**Task to carry out:**
Exactly the lines from the line containing "Галлюциногенные грибы Psilocybe" through the final line of the entries below must be returned, and only those, without pictures.

**Dataset entries:**
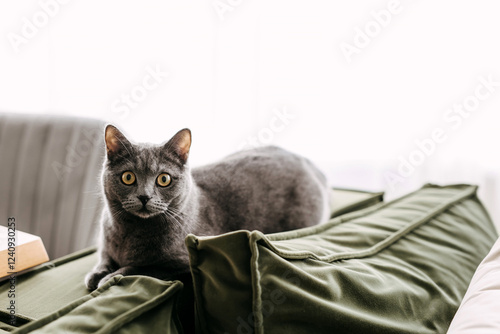 Billede på lærred A chartreux breed gray cat with big yellow eyes on a green cushioned surface, ga
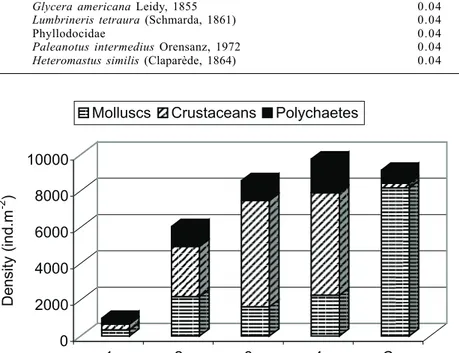 Table I. Polychaetes and their dominance (%) in the intertidal mussel beds of the mytilid Brachidontes rodriguezii community in the Mar del Plata shore, Argentina, during 1997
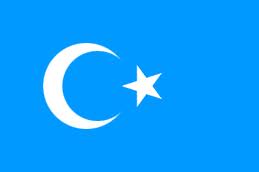 Uyghurstan Flag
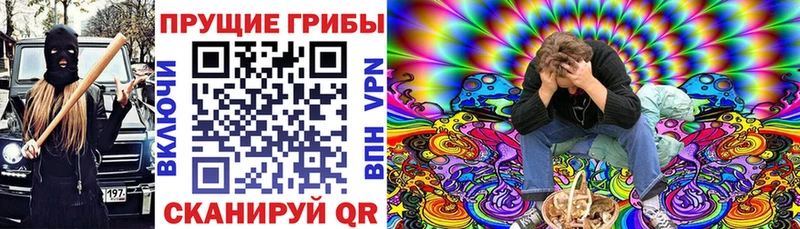 Галлюциногенные грибы Psilocybe  гидра ТОР  Зеленокумск  продажа наркотиков 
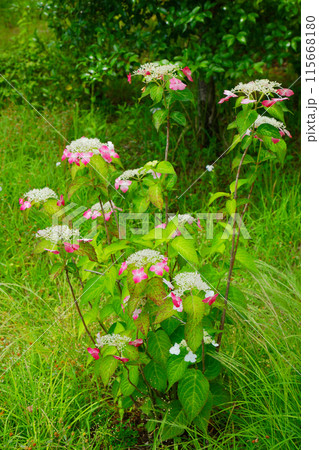 淡いピンク色のガクアジサイ　紫陽花 115668180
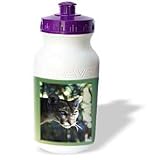 Florene Animals - Florida Green Eyed Panther - Water Bottles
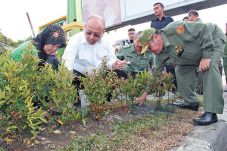 Eldin Ikut Cabut Rumput,...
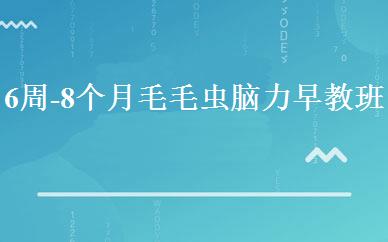 6周-8个月毛毛虫脑力早教班 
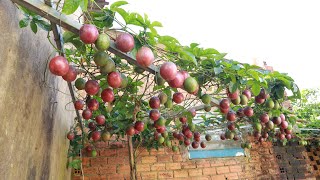 I didn't expect that growing passion fruit in a tire would produce so many fruits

**Completed exercise:**
 Галлюциногенные грибы Psilocybe  гидра ТОР  Зеленокумск  продажа наркотиков 
 淡いピンク色のガクアジサイ　紫陽花 115668180
 Florene Animals - Florida Green Eyed Panther - Water Bottles
 Eldin Ikut Cabut Rumput,...
 6周-8个月毛毛虫脑力早教班 
 I didn't expect that growing passion fruit in a tire would produce so many fruits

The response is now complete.